AMD has set an ambitious goal for the next six years: By 2020, the chipmaker wants its Accelerated Processing Units to become 25 times more power-efficient.
By comparison, the energy efficiency of AMD chips only increased tenfold over the last six years. AMD says it wants to refocus on power consumption given that personal computers now consume one percent of the world's energy worldwide, and servers consume another 1.5 percent.
The crazy part is that AMD thinks it can outpace Moore's Law, which states that a given area can pack in twice as many transistors—and therefore double computing power or efficiency—every two years. Although AMD has warned in the past that Moore's Law will slow down, the company now claims it can break ahead of the efficiency curve by at least 70 percent over the next six years.
The key, as AMD has explained before, lies in heterogeneous system architecture enabled by AMD's APUs. In these chips, the CPU and GPU sit on the same die, and in the latest chips can also share the same memory pool. This allows AMD to more efficiently shift some of the workload over to the graphics processor, while also improving performance. Cutting down the communication needed between CPU and APU will also help energy efficiency, the company says. AMD is touting other advances as well, such as intelligent power management that maximizes the amount of time spent in idle mode.
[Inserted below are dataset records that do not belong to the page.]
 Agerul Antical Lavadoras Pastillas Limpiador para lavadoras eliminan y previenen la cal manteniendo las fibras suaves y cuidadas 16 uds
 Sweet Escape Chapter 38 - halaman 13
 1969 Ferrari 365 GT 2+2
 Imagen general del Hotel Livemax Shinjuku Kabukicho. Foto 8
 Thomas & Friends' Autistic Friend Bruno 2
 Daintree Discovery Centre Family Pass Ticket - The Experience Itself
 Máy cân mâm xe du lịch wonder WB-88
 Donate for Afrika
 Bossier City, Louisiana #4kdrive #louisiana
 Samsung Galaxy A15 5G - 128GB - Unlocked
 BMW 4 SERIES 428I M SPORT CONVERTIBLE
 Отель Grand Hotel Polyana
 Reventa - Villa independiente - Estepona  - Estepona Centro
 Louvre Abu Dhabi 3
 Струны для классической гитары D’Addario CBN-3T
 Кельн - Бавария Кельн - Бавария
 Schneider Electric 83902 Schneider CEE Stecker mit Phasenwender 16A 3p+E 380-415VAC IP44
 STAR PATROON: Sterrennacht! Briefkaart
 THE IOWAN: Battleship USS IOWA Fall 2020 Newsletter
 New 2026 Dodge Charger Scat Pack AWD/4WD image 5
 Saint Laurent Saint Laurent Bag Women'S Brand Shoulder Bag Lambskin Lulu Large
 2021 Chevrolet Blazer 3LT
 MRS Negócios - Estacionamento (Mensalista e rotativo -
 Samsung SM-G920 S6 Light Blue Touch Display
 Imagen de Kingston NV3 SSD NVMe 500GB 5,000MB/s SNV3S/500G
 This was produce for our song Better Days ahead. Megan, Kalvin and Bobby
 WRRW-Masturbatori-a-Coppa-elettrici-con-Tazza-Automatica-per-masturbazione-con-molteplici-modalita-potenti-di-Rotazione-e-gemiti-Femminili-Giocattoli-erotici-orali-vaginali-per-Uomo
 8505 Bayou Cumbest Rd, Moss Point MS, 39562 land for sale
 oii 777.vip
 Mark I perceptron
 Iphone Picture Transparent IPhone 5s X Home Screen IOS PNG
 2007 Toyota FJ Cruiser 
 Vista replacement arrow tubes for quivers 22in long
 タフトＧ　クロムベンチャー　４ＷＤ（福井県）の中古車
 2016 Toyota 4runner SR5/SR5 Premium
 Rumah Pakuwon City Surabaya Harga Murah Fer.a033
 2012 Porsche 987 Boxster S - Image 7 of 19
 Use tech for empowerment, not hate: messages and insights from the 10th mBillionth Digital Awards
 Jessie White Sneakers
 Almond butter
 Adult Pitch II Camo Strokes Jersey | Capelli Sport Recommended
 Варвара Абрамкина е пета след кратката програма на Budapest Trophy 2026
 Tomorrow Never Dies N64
AMD's newfound focus on efficiency isn't a surprise given the rise of mobile computing, powered largely by ARM-based architectures. While rival Intel has been working hard to address this market, with low-power chips for smartphones and tablets, and more efficient Core processors for hybrid devices, AMD has been largely left out. If AMD can make good on its promises, the next six years should prove interesting as the lines continue to blur between mobile devices and traditional PCs.